Locks with PASM

JohnR2010 · 2017-09-25 14:07

I sheepishly stand in your office doorway, looking at the floor, knowing full well I should know the answer to this but I’m just not 100% sure.
Say I have two PASM apps sharing the same long in main memory. Do I need to use locks to make sure they have exclusive access to the long as each cog independently reads and writes to it with RDLONG and WRLONG? I know if this was all SPINN code I don’t need locks for access to a single byte, word, or long. Just not sure if the same is true for PASM.
I have some weird behavior and just trying to track it down. I have tried with and without locks and no change. After rereading the lock section of the manual for the 3rd time I’m pretty sure I don’t need them if I’m accessing a single long, both in PASM and SPINN.

Thanks

kwinn · 2017-09-25 14:44

Since each cog accesses hub ram on a different clock cycle there is no physical need for locks. If multiple cogs are communicating with each other then locks may be required to avoid one cog reading or writing over data from another cog.

For instance, if cog a writes data from cog B and cog C to an LCD locks could be used so that only one of the cogs has access to the variable cog A writes to the LCD at any one time.

Phil Pilgrim (PhiPi) · 2017-09-25 15:19

If the two cogs are doing read-modify-write operations on the same hub element then, yes, you do need to use locks: set the lock ahead of the read; clear it after the write. This is true of both Spin and PASM.

-Phil

JohnR2010 · 2017-09-25 15:42

I feel a little better for asking now. I'm not hearing the same answer from both of you. I understand the need for locks when it comes to accessing a block of memory (several longs). But I have always understood if your accessing one long in main memory the hub will guarantee exclusive access to that long. Phil, see this sentence from page 122 of the propeller manual v1.2

The Hub prevents such collisions from occurring on elemental data (such a byte, word or long) at every moment in time, but it cannot prevent “logical” collisions on blocks of multiple elements (such as a block of bytes, words, longs or any combination of these).

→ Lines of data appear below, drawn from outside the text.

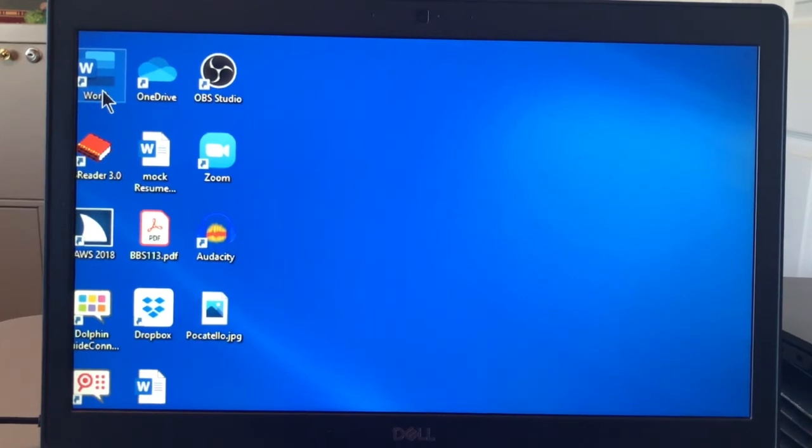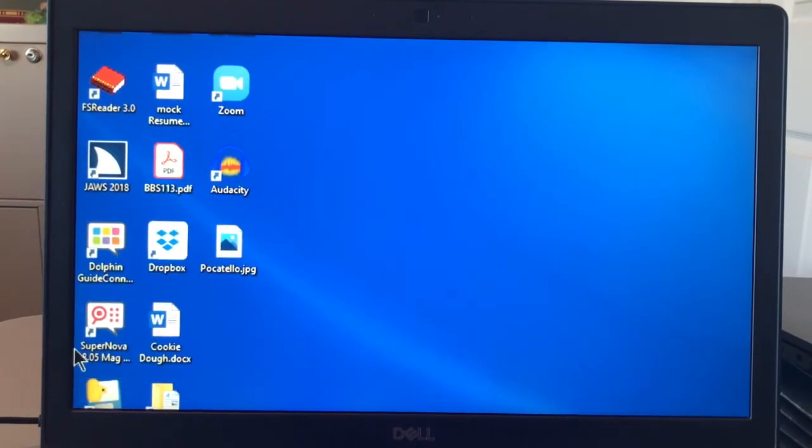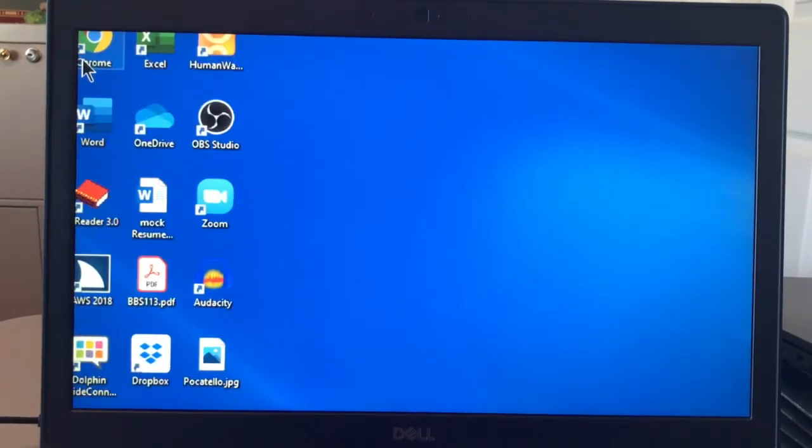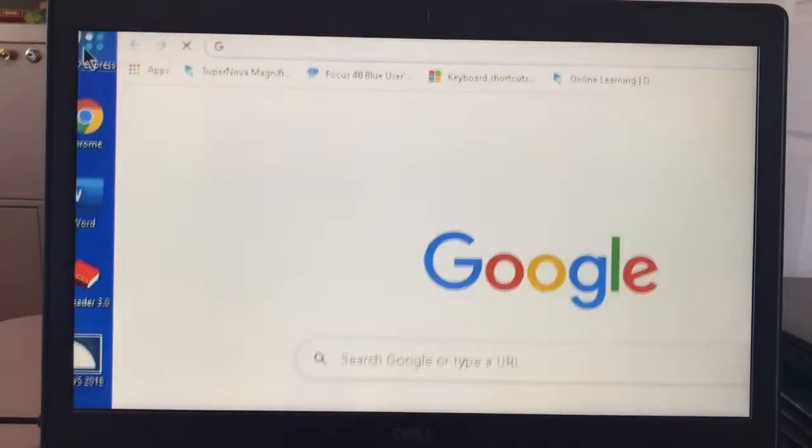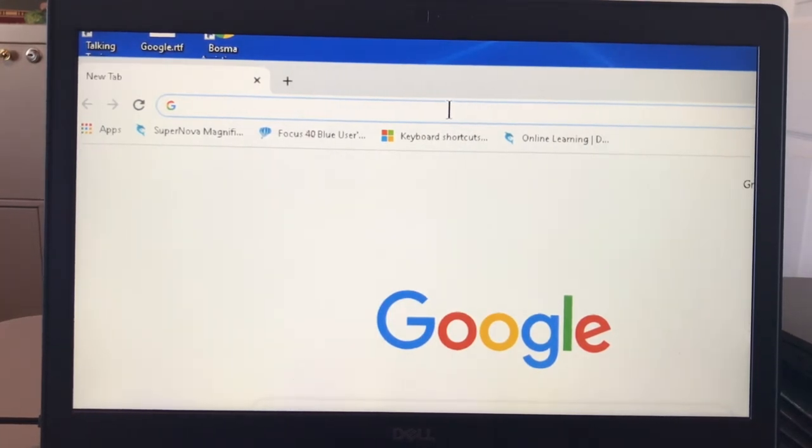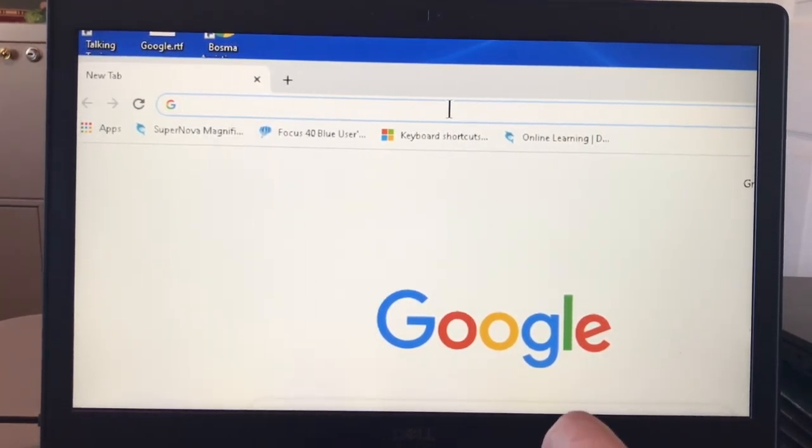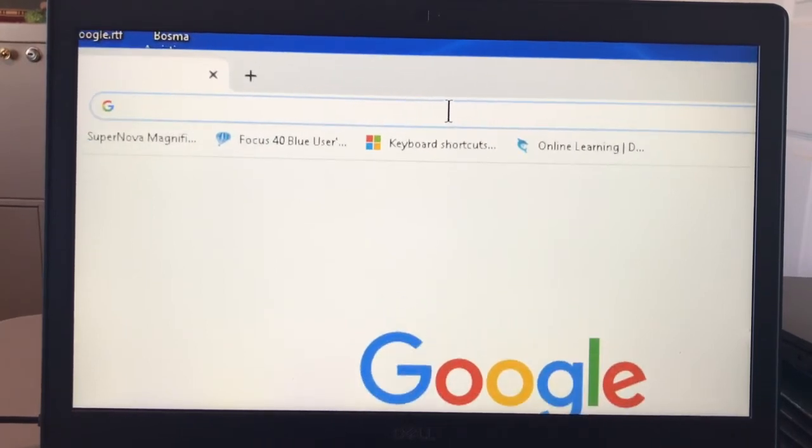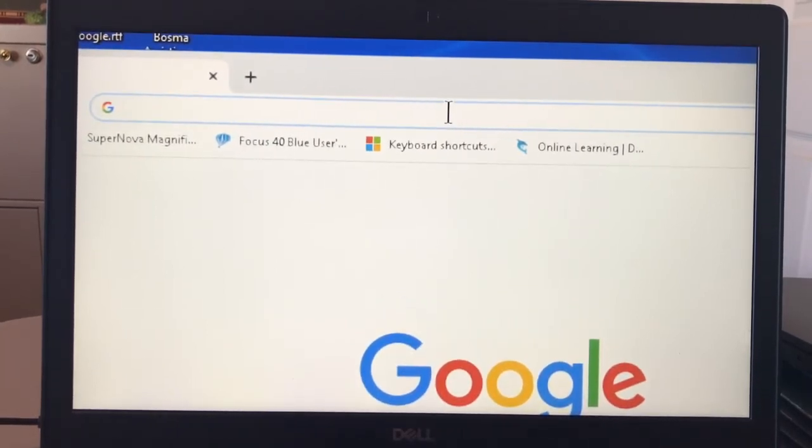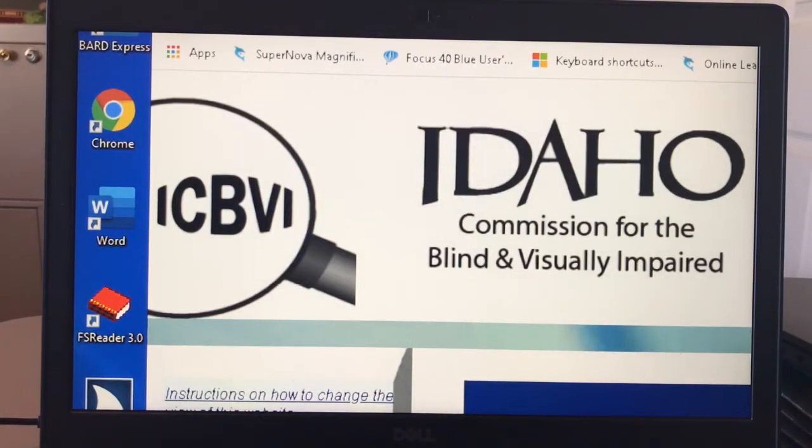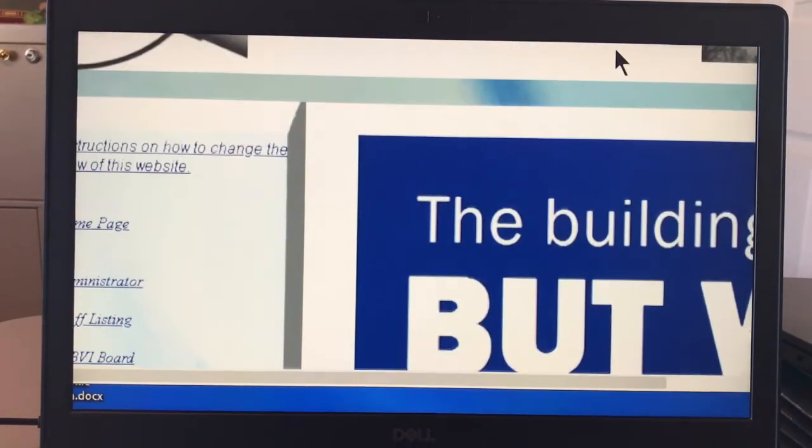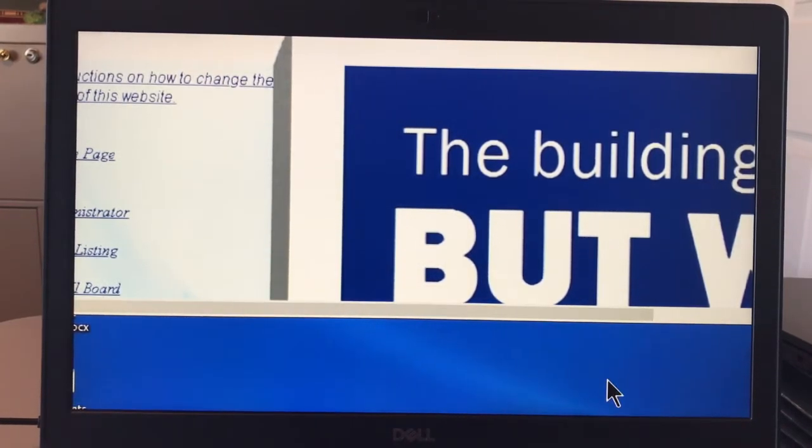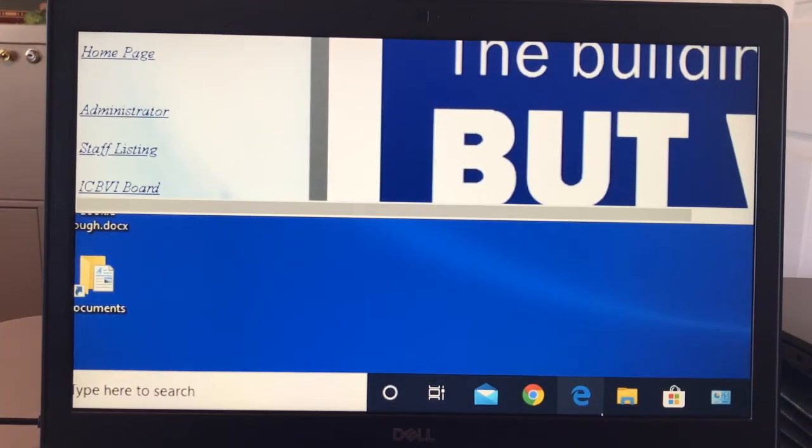A couple of things I want to show you about using the magnifier on the web. I open my Chrome here. You can tell that everything is larger at the top. I can increase with the Windows key and the quick press on the plus. And that increased it. I'm going to go to a website. This is the Idaho Commission for the Blind website. Now as I move my mouse pointer down, I'm going to come out of my browser window, and I'm back on my desktop, and there's my taskbar.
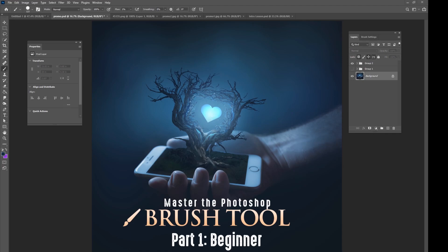The brush tool is something that I use in every single one of my images, whether it's a painting, whether it's a photo manipulation, whether it's just a photograph, it doesn't matter. I always use the brush tool.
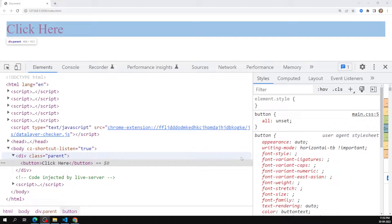Hi friends, this is Leela, welcome to my channel Leela WebDev. In the previous session we learned about the inherit, initial, and unset properties. Now let's learn the last property which can control inheritance — that is the revert property. So what does the revert property do?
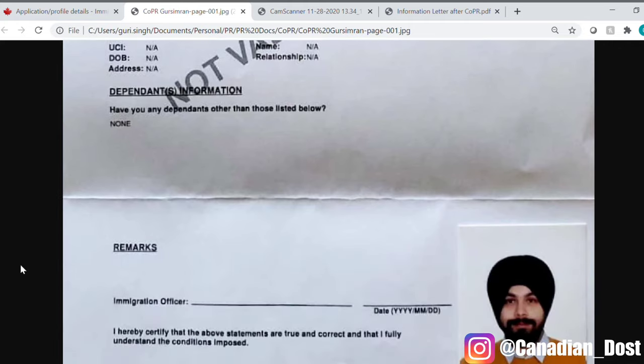Now let's talk about what you have to do after getting COPR. If you are outside of Canada, then it is a no-brainer. If you have an immigration visa and a COPR, you have to travel to Canada. And then at the port of entry, a border official will interview you and approve your application, and you will be getting the PR card after a certain number of days.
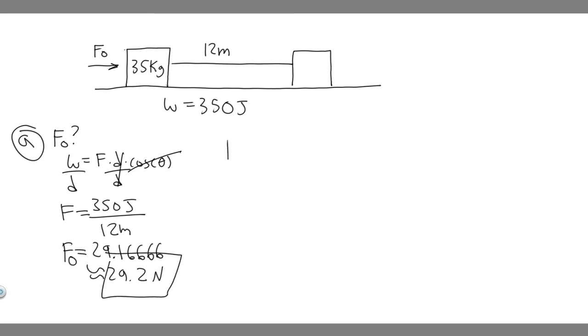Now for B and C. Part B asks if the worker applies a force greater than F₀, describe the subsequent motion of the crate. Notice it's traveling at a constant speed with this force. If the force becomes greater, what do you think will happen? It's going to accelerate because our force is greater. It's going to accelerate and go faster.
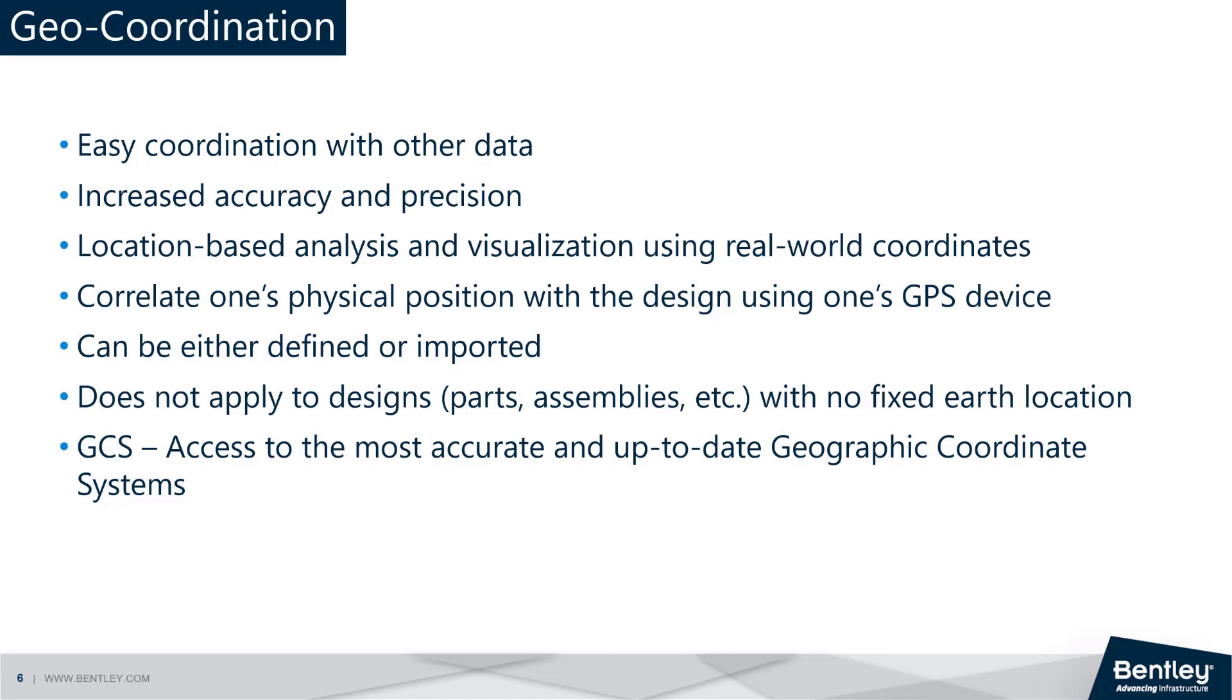There are several advantages to using geo-coordination. For example, when the same geographic coordinate system is used for multiple design files, they can be easily referenced to each other.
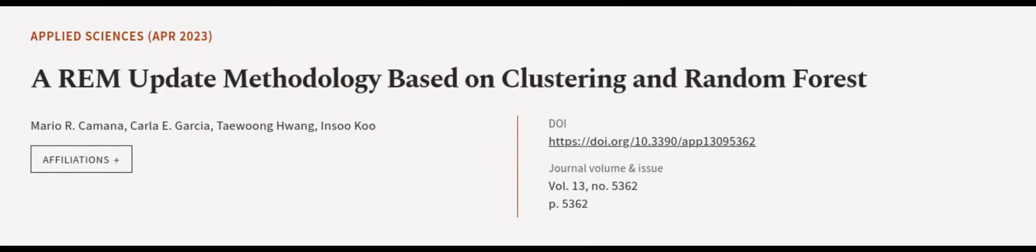This article was authored by Mario Arcamana, Carla E. Garcia, Taiwoong Huang, and others. We are article.tv; links in the description below.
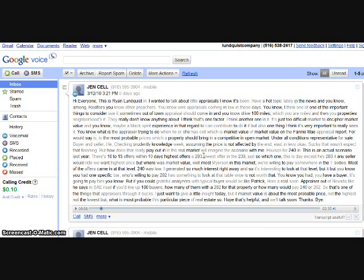In fact, whenever someone calls you, it can text message you a transcribed message of what they said. There's a lot of features here, actually. But basically, how it works, just so you understand, is that Google Voice gives you a free phone number.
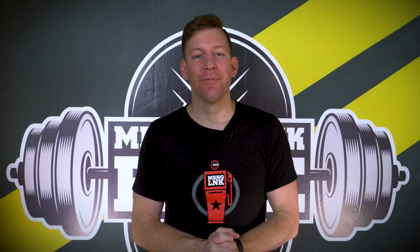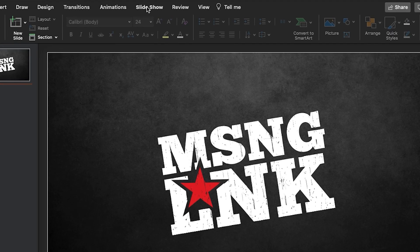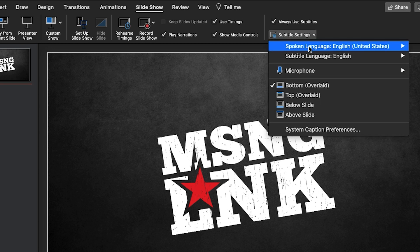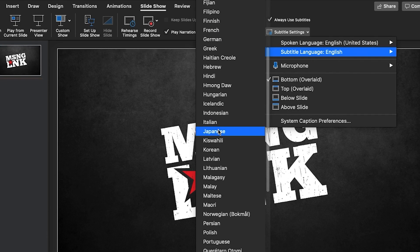Hey everyone, I'm Kevin from Missing Link and today's tip is adding live subtitling to your PowerPoint presentation. Open your presentation, then navigate to the Slideshow tab at the top of your screen. Check the box that reads 'Always use subtitles,' hit the subtitle settings dropdown, choose your spoken language and select the subtitle language.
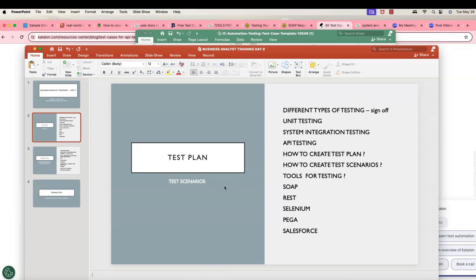In the interview, they ask what's the difference between a functional business analyst and a technical business analyst. Technical business analyst means you need to know technically what is happening — like what API we are going to test, how to test an API. Everything about what is technically happening inside the application you need to know, including what kind of testing scenarios will come. There may be no QA team — you will be both the BA and the QA.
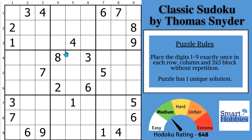Have you ever gotten stuck on a Sudoku and later realized that you just marked something wrong? I'll show you five Sudoku marking mistakes you need to avoid so you can solve Sudoku as effortlessly as Simon Anthony.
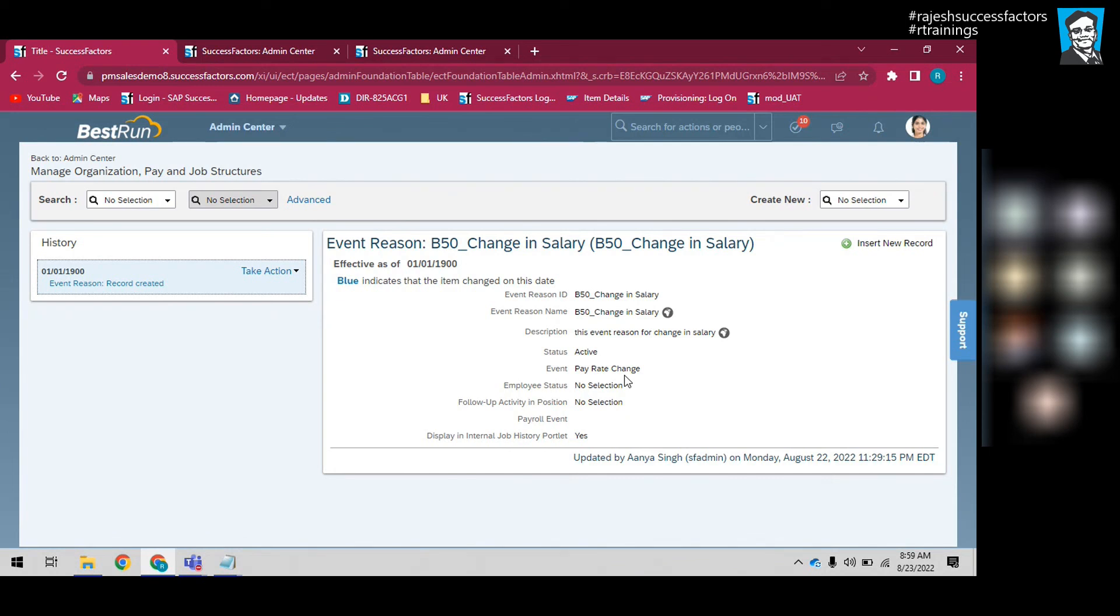Now I have created the event reason in the system, and the event is also associated. Now what the system is saying is...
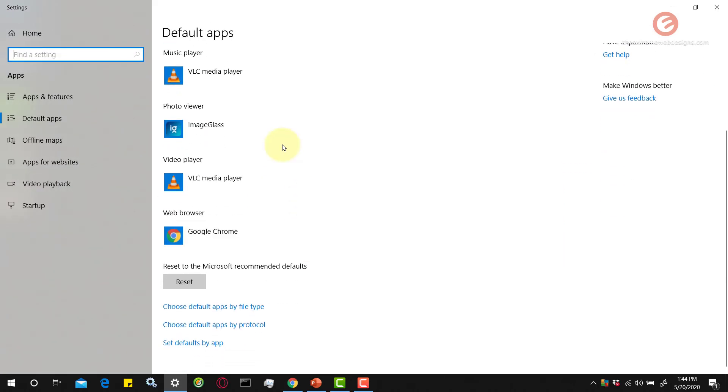So those are the four ways in which you can manage the default applications and their respective file associations in Windows 10.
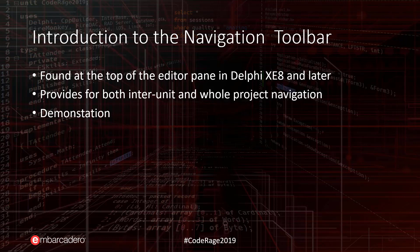It provides for both inter-unit and whole project navigation, and without further ado, let's go over and take a look at Delphi here.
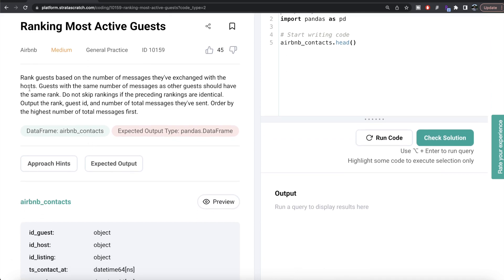The question reads: rank the guests based on the number of messages they have exchanged with the host. Guests with the same number of messages as other guests should have the same rank. Do not skip rankings if the preceding ranks are identical. If you know about SQL, there are three ways to rank things: ROW_NUMBER, RANK, and DENSE_RANK. The very definition of DENSE_RANK matches this requirement, so in MySQL we are clear that we need to use dense rank.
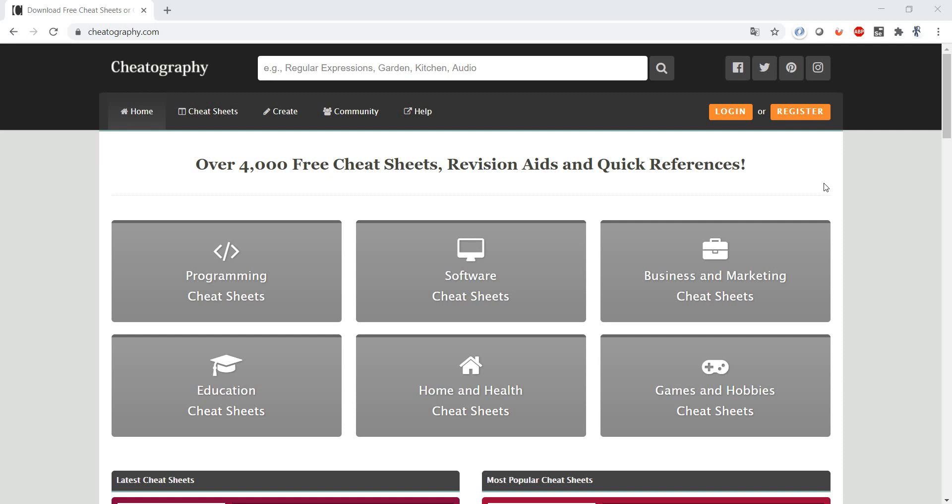I think we all can relate that when we were in school we used cheat sheets a lot, either to help us remember what we learned or to give us that edge when we had a test in school.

I have found this to be the case when working with SPIN, I just wasn’t sure if it was also true for PASM. I’m pretty sure it is the same. The rule I have always used for my SPIN code is to use locks when two or more cogs are accessing the same block of memory. But if they are accessing only one long that is not necessary as the hub will only allow one cog to write to that long at a time.

Heater. · 2017-09-25 15:42

JohnR2010,

What are you doing standing there boy? What, cat got your tongue? Come in. And close the door behind you.

Don't you know it's bad manners to disturb the staff during their afternoon nap... er...tea break. Bend over and take three strokes of my new cane.

Now, what seems to be the problem? Stop sniveling boy, speak up.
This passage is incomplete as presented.